YOUR INSTRUCTIONS:
Your copy should match the listing word for word, apart from the pictures, which are left out.

SUPPLIED DATA:

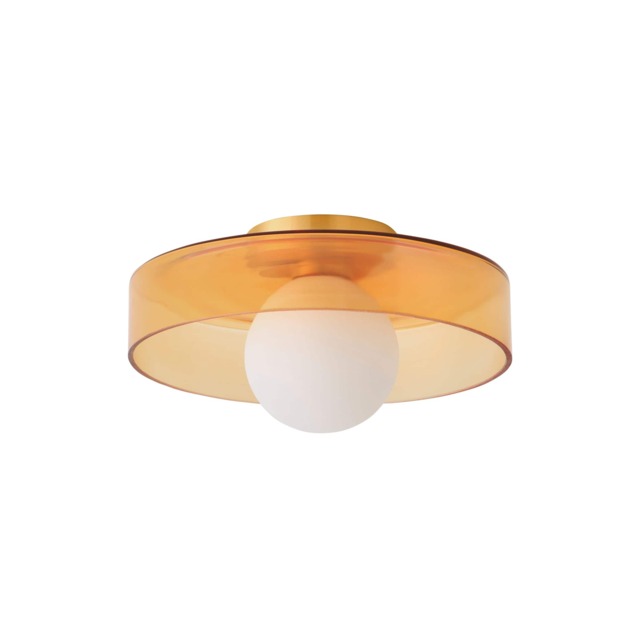 ValueLights Newbury Amber Glass IP44 Flush Ceiling Light and Bulb Yellow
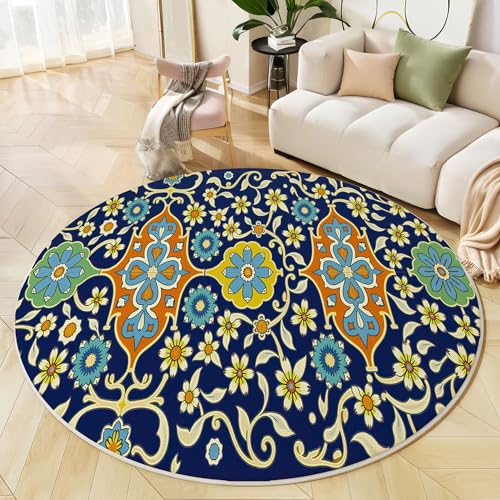 Runder Teppich Marineblau, Anti Rutsch Unterlage Waschbar Runder Läufer Mit Bedruckter Traditionelles Blumen Marokkanisches Geometrisches Für Schlafzimmer Flur Wohnzimmer Couchtisch Fußmatten, 120 cm von JEDTAKCT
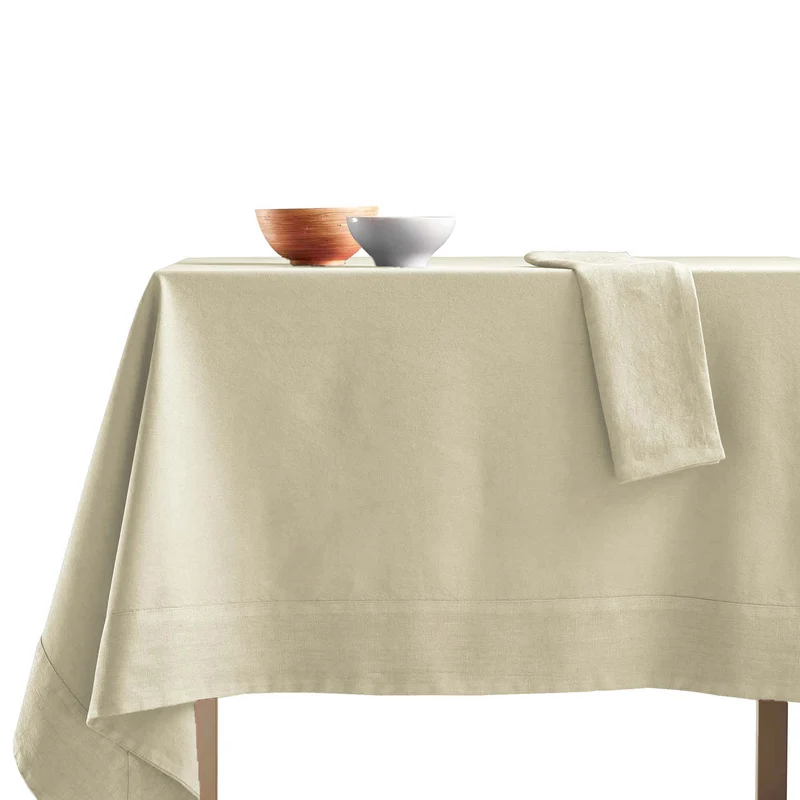 Tovaglia Cotone con Bordo in Lino StoneWashed NO STIRO - Loira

FINAL ANSWER:
 ValueLights Newbury Amber Glass IP44 Flush Ceiling Light and Bulb Yellow
 Runder Teppich Marineblau, Anti Rutsch Unterlage Waschbar Runder Läufer Mit Bedruckter Traditionelles Blumen Marokkanisches Geometrisches Für Schlafzimmer Flur Wohnzimmer Couchtisch Fußmatten, 120 cm von JEDTAKCT
 Tovaglia Cotone con Bordo in Lino StoneWashed NO STIRO - Loira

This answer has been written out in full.